■ SUPPLIED MATERIAL ■

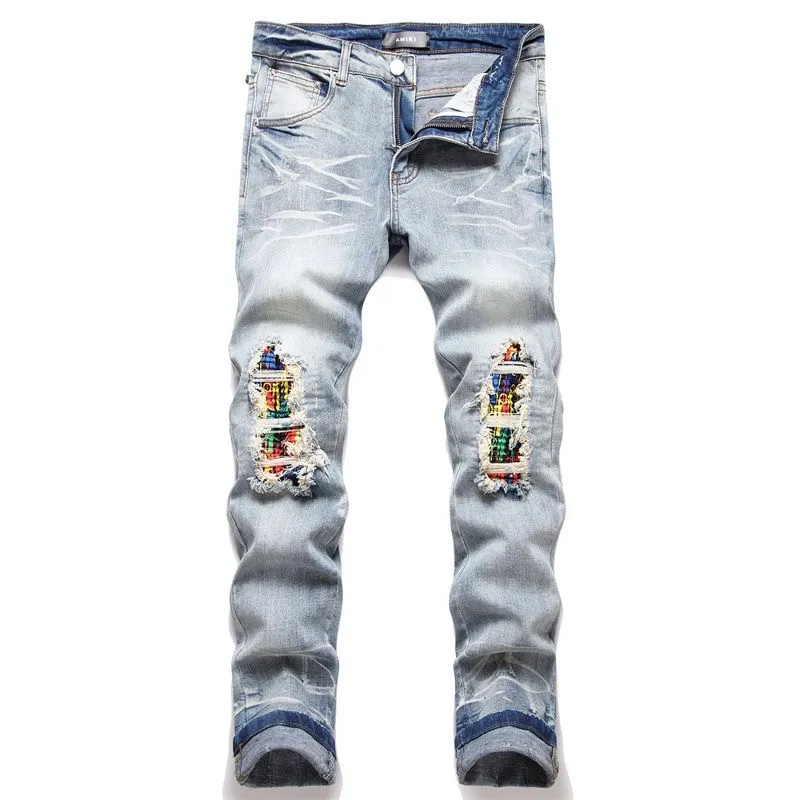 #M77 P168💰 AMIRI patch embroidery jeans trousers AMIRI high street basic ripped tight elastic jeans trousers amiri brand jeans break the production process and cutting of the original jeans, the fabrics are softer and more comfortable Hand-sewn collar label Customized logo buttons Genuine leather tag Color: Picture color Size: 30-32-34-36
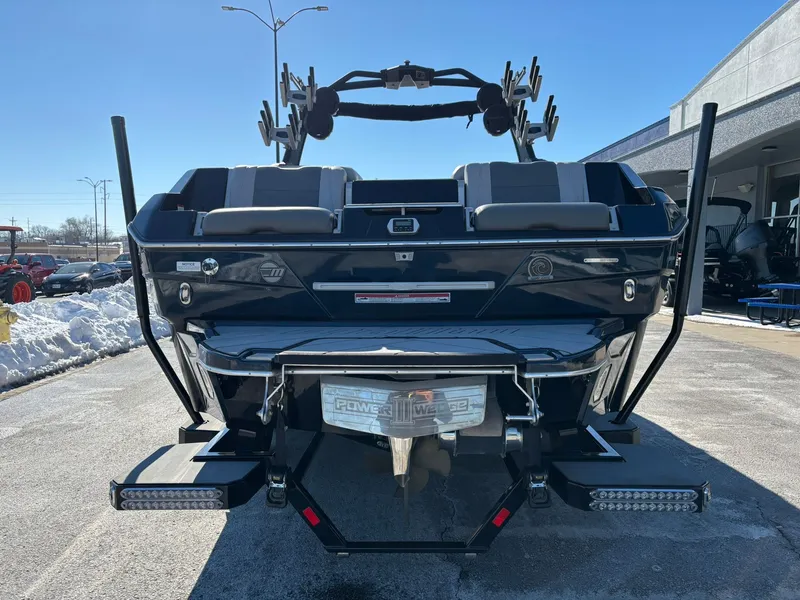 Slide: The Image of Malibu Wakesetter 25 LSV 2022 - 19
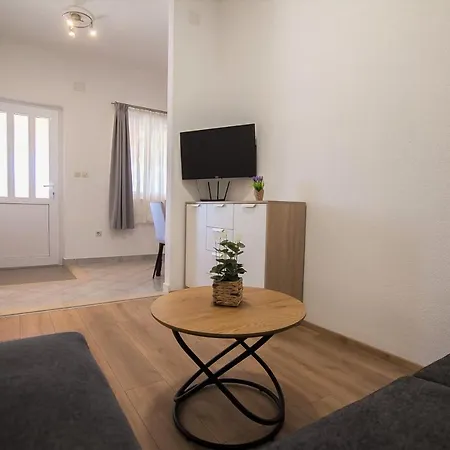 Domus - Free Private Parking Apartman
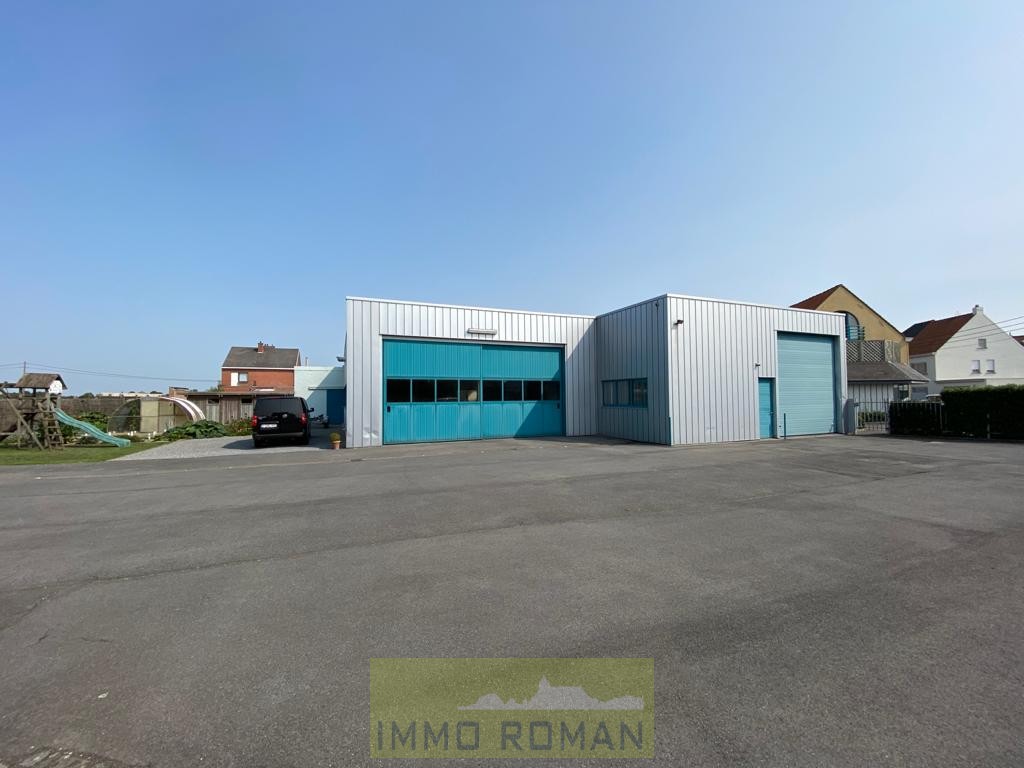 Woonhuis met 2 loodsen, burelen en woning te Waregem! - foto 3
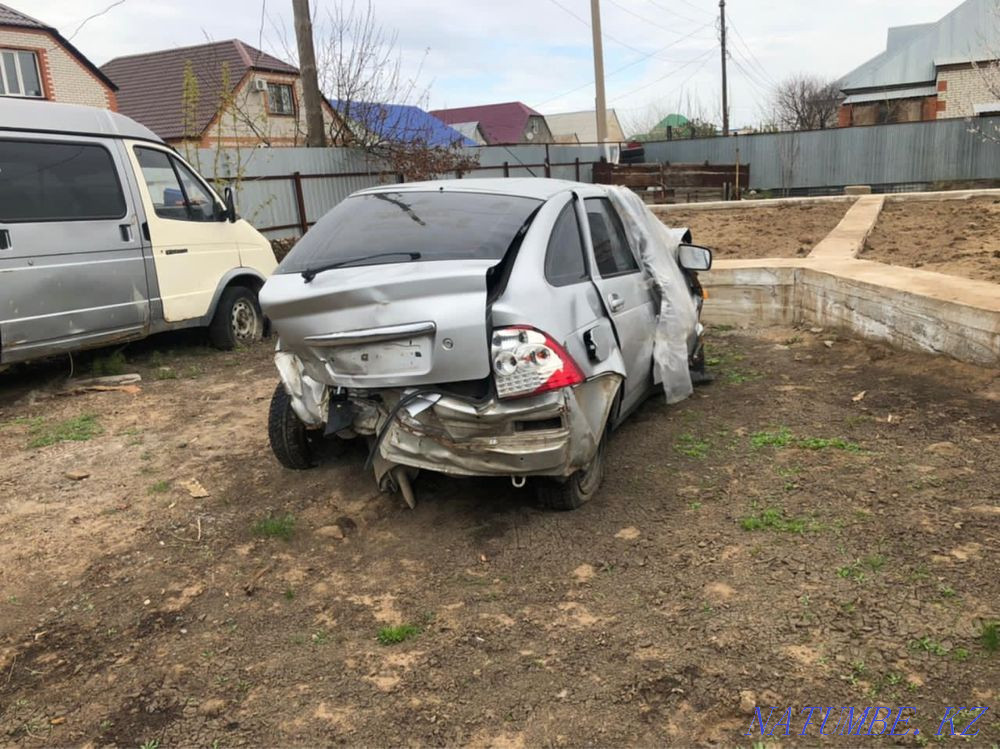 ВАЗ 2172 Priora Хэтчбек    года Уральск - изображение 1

■ YOUR GOAL ■
Once the line with "Domus - Free Private Parking Apartman" is found, write out that line and every later line of the listing above exactly, through the last one, and skip any pictures.

■ WRITTEN ANSWER ■
 Domus - Free Private Parking Apartman
 Woonhuis met 2 loodsen, burelen en woning te Waregem! - foto 3
 ВАЗ 2172 Priora Хэтчбек    года Уральск - изображение 1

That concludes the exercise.